TEACHING CHILDREN YOGA. Fine for small kids to play with asanas - although no headstands before the age of 12 as the bones of the skull aren't completely fused yet. Not so good for adolescents circa 14 to 17 - the bones are growing faster than the muscles, joints are unstable, stretching can be very uncomfortable & unpleasant. Nancy has no problem with parents bringing small children into class – good opportunity for the childless students to learn to chill out and let go of their beliefs about how a yoga class should be. (Having gone through the finishing sequence at one of Lino's workshops with Lino's six year old son Oliver and my friend Günther's nine year old son Alex playing next to me, I completely agree). Her daughter (now 19) does yoga but normally chooses to go to another teacher.

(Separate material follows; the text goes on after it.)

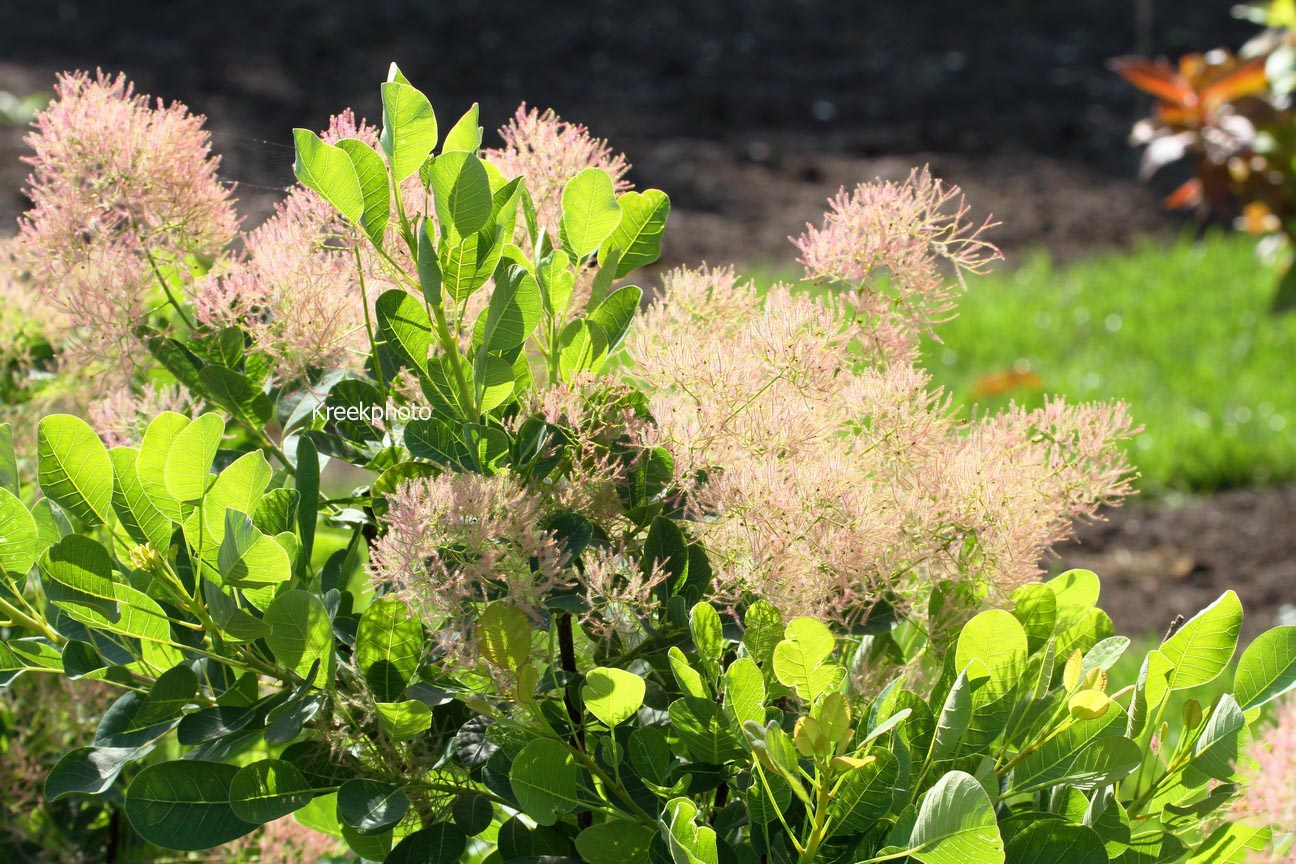 Cotinus coggygria 'Young Lady'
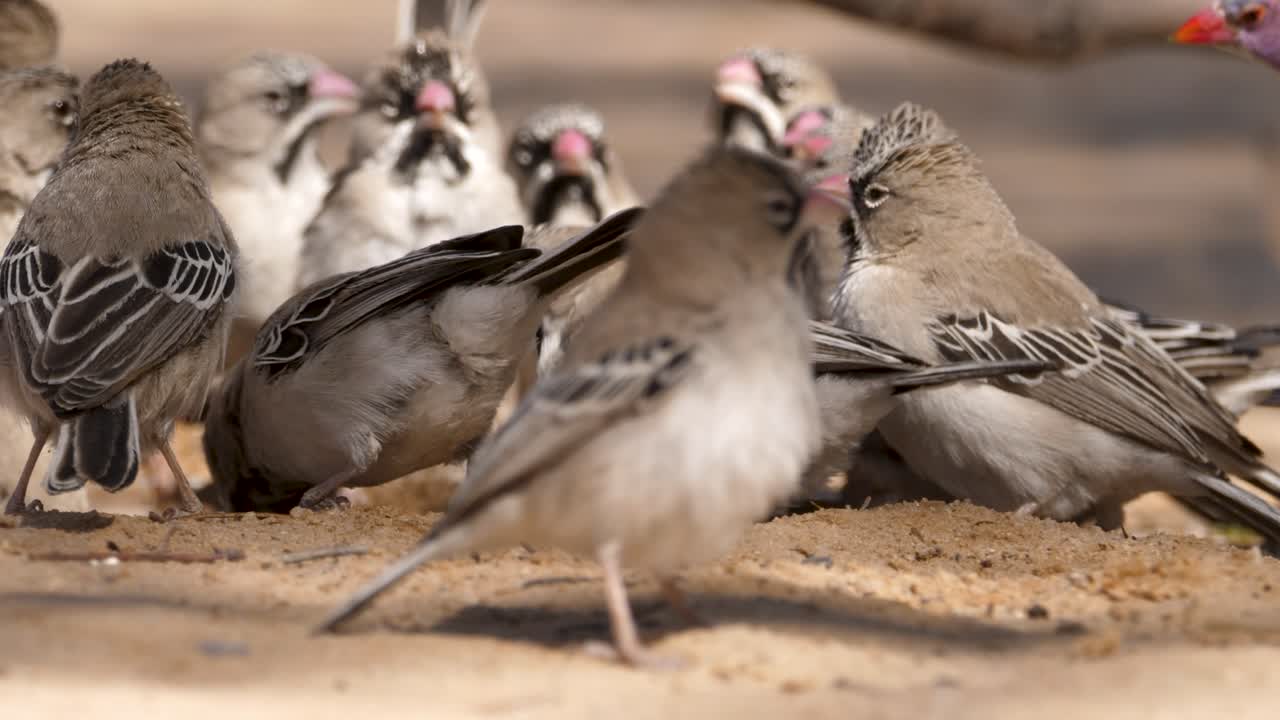 una bandada de pinzones de plumas escamosas y un pico de cera de orejas violetas se reúnen en un pozo de agua en sudáfrica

Many thanks obviously to Nancy for teaching such an informative and enjoyable course. Also to Patrick and Gabriella for all the hard work that went into organising it; and to the other students for contributing all their valuable and inspiring experience & insights, and for being such excellent company for the weekend.
Follow-up note, 17th October: Nancy has checked this page and says it is generally a good synopsis of the course. One correction. I originally said she wouldn't teach her daughter. Nancy says this was incorrect – her daughter normally chooses to go to other teachers, but does also sometimes study with her.